Vienna’s Christmas market has always been on my wishlist. So when my holiday plan included Easter, I figured it was time to check out the city’s second best markets: the Easter ones. Research threw up two places – the market in front of Schönbrunn Palace and at Freyung.
The palace and grounds were breathtaking; the market not as much. It felt like a hipster space created to satisfy tourists who thronged it on Easter Sunday. Cute wooden stalls sold jewellery, pottery, toys, clothes and curios. One area had a band crooning classic English numbers. People were ambling about, sipping wine or beer, munching on (quite average) food and taking selfies. It was noisy and crowded and felt like a Bombay market. The only saving grace was the view of the palace up ahead.
GETTING THERE: Schönbrunn station is the nearest metro/ tram station – it’s a 15 minute walk from there. Log on Ostermarkt.

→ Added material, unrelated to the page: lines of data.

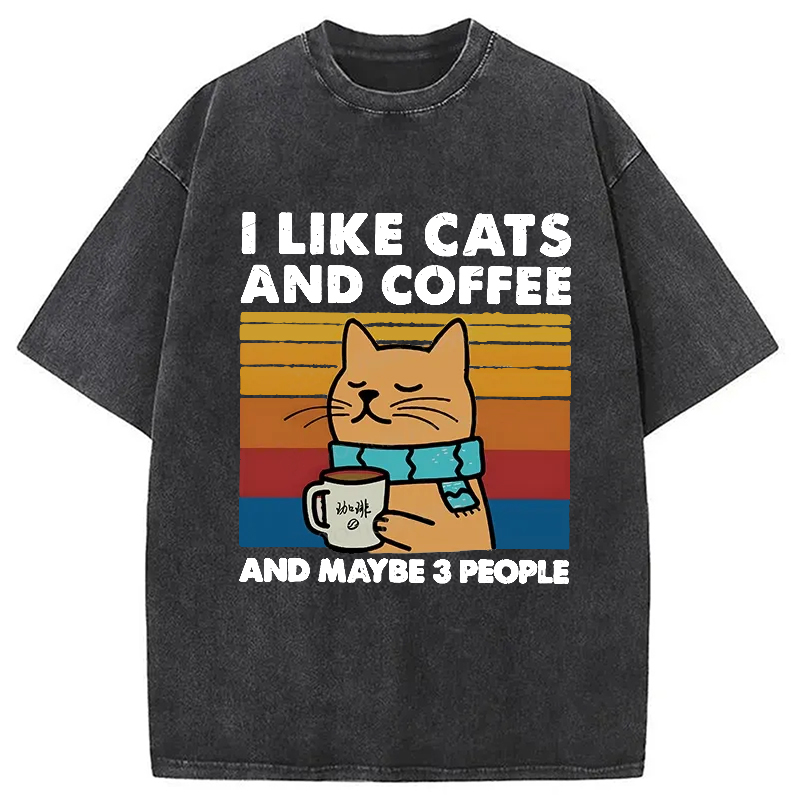 Tokyo-Assassin I Like Cats And Coffee Washed T-Shirt-Tokyo-Assassin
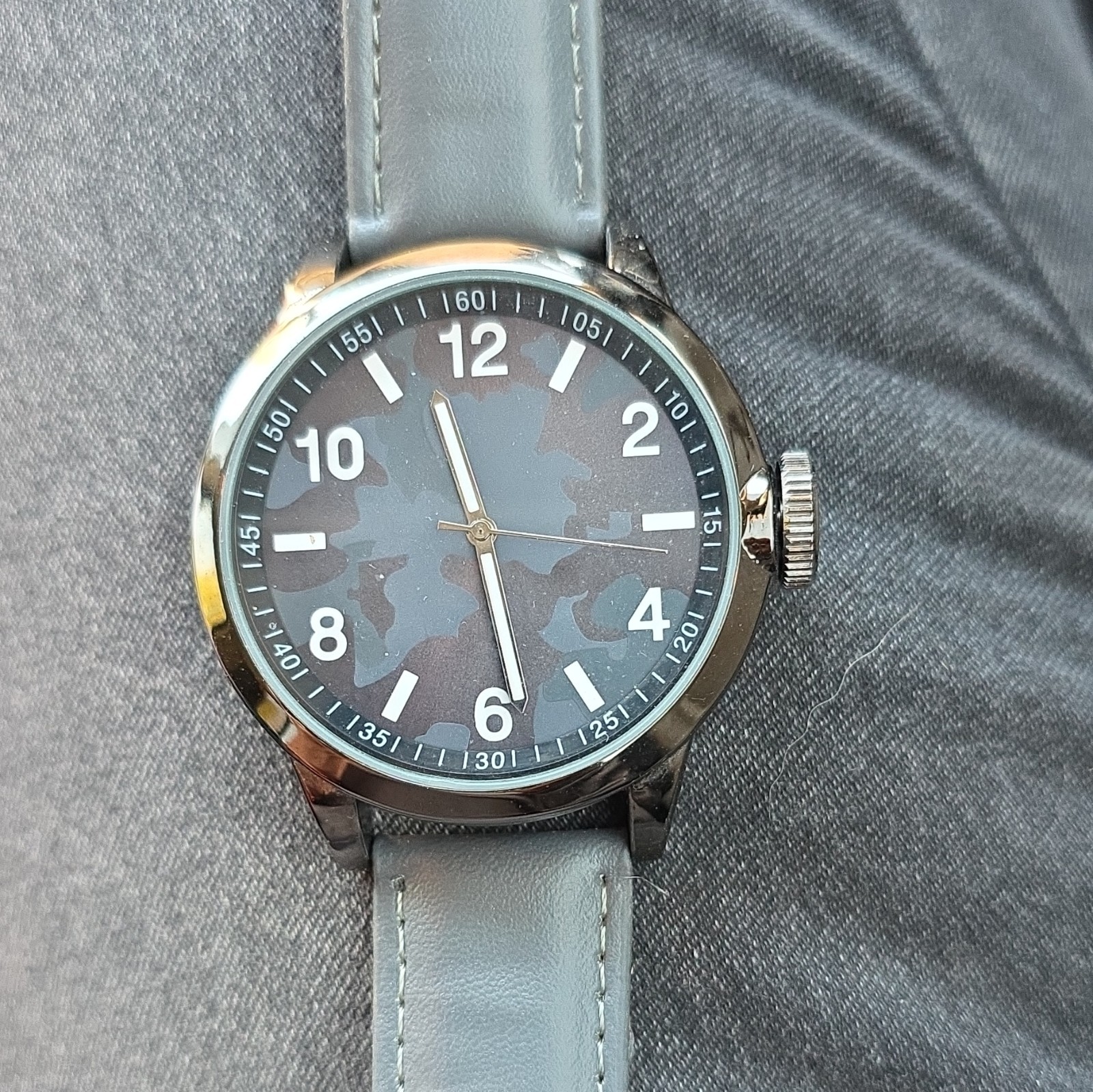 FMD FB118 Women’s Quartz Analog Watch Camo Dial Blue Faux Leather Strap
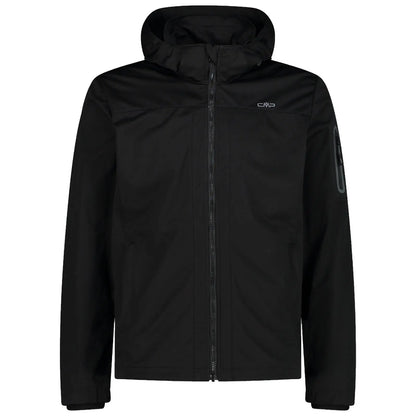 A black jacket featuring a hood is displayed frontally unzipped showcasing its sleek design and material suitable for outdoor activities in various weather conditions.
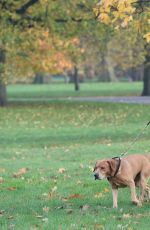KIMBERLEY GARNE Walks Her Dog Out in Kensington Park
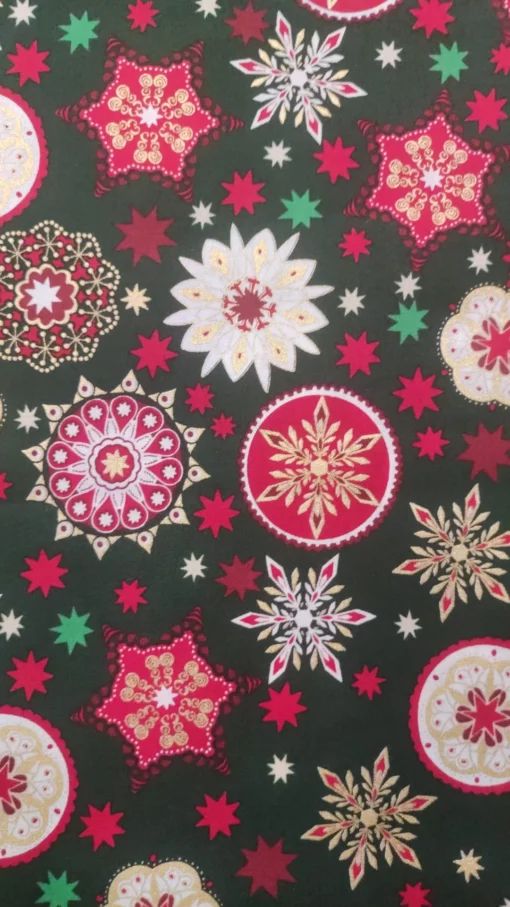 Cotton Fabric | 100% Cotton | Christmas Print | Snowflake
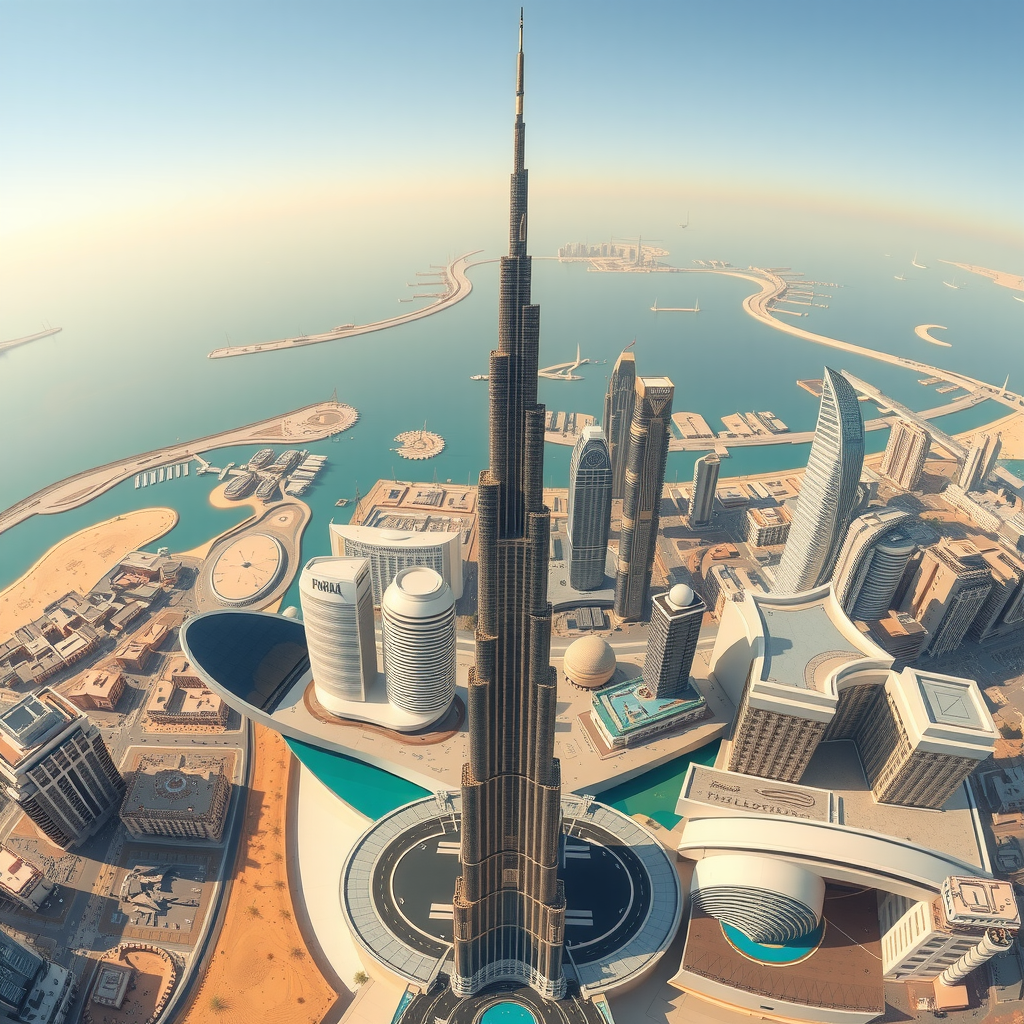 Stunning panoramic view from Burj Khalifa observation deck showing Dubai skyline, modern architecture, and desert landscape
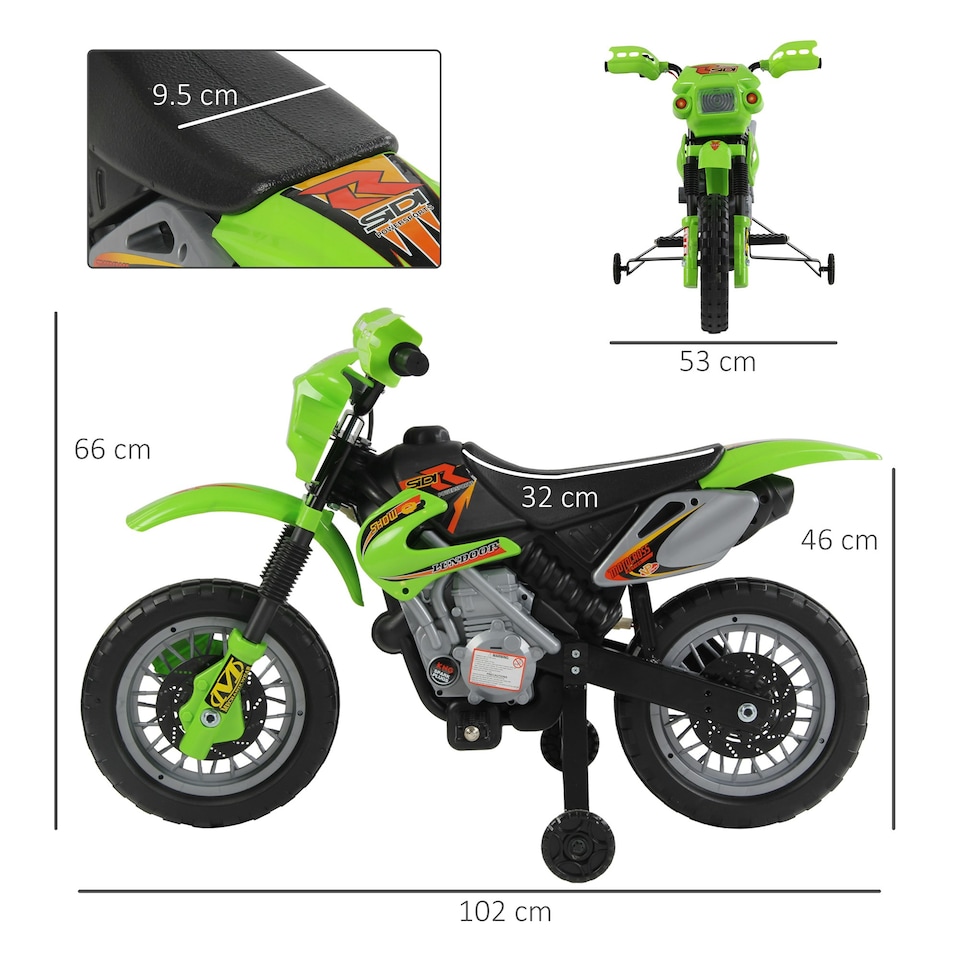image 1 of HOMCOM 6V Kids Electric Motorbike Motorcycle Ride On for 3-6 Years Green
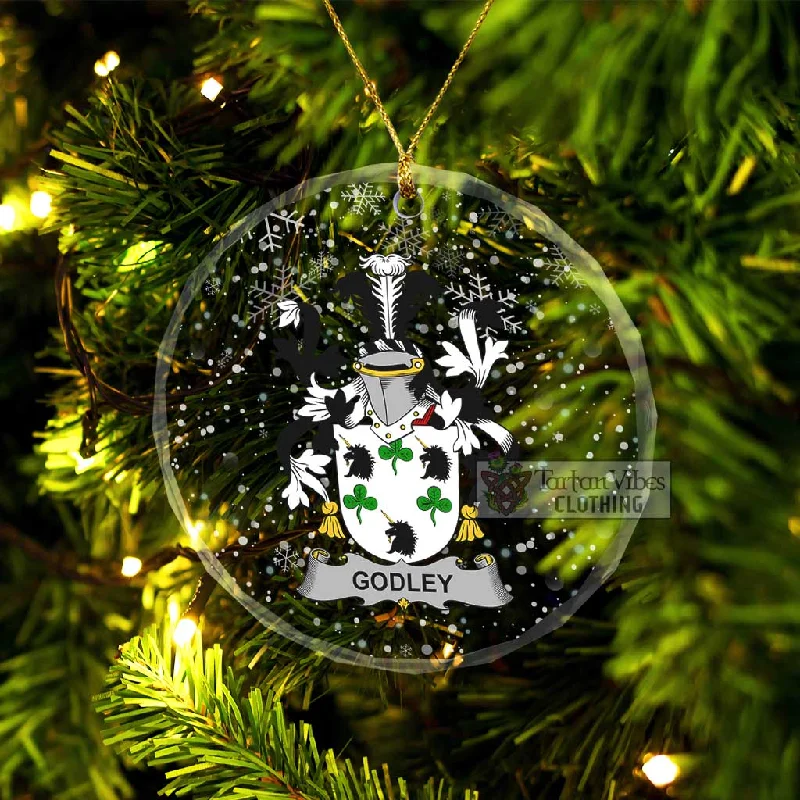 Godley Irish Clan Christmas Glass Ornament with Coat of Arms Suede Faux Fur Shearling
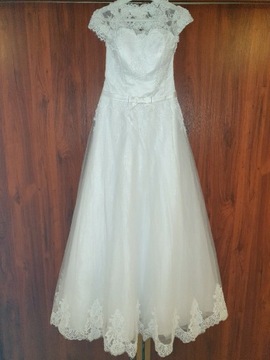 Suknia ślubna biała koronkowa 38 172 cm plus obcas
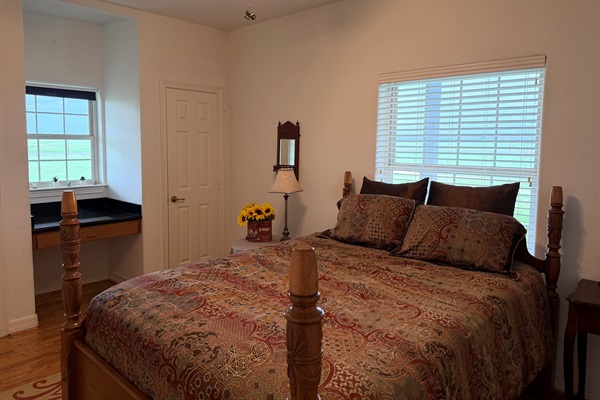 Built in wall desk with window.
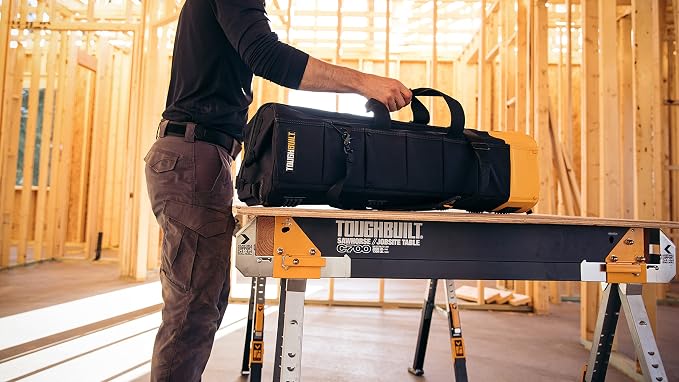ToughBuilt – Massive Mouth Tool Bag, Heavy-Duty Fabric Wide-Mouth Bag with Rigid Frame, Waterproof Hard Base & Reinforced Handles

On Easter Monday, we visited the Old Viennese Easter Market on Freyung, a pretty square in the city. There, we hunted for what some blogs said was the biggest tower of painted Easter eggs (40,000). There was no tower, just a giant painted egg, but the small market had enough charm to make up for it. In the centre was a display of just Easter eggs – painted ones, embroidered ones, beaded ones. There were eggs with lattice work, gold trimmings, ribbons, cloth and more.
We couldn’t help admire the craftmanship and thought that went into decorating those eggs. The market, we were told, also had workshops for children and musical performances in the evening.
Aside: History lesson – In 1990, the first Osterreichische Ostermarkt was held in Freyung, as a counterpart to the Christmas market (Christkindlmarkt), in 1990. Freyung in the early days was a thoroughfare, and was always used as a market place.
The stack of eggs apart, there were stalls selling handmade crockery, wooden toys, organic food and even a food truck serving alcohol. We gravitated towards a hot chocolate shop with the idea of warming ourselves up a bit (it was too early for alcohol). The shop sold chocolate bars, which once chosen were dissolved in cups of milk and served hot. Quite a lovely find.
GETTING THERE: Schottentor is the nearest metro/ tram station – it’s a five minute walk from there, down Schottengasse. Log on Altwiener-markt.at.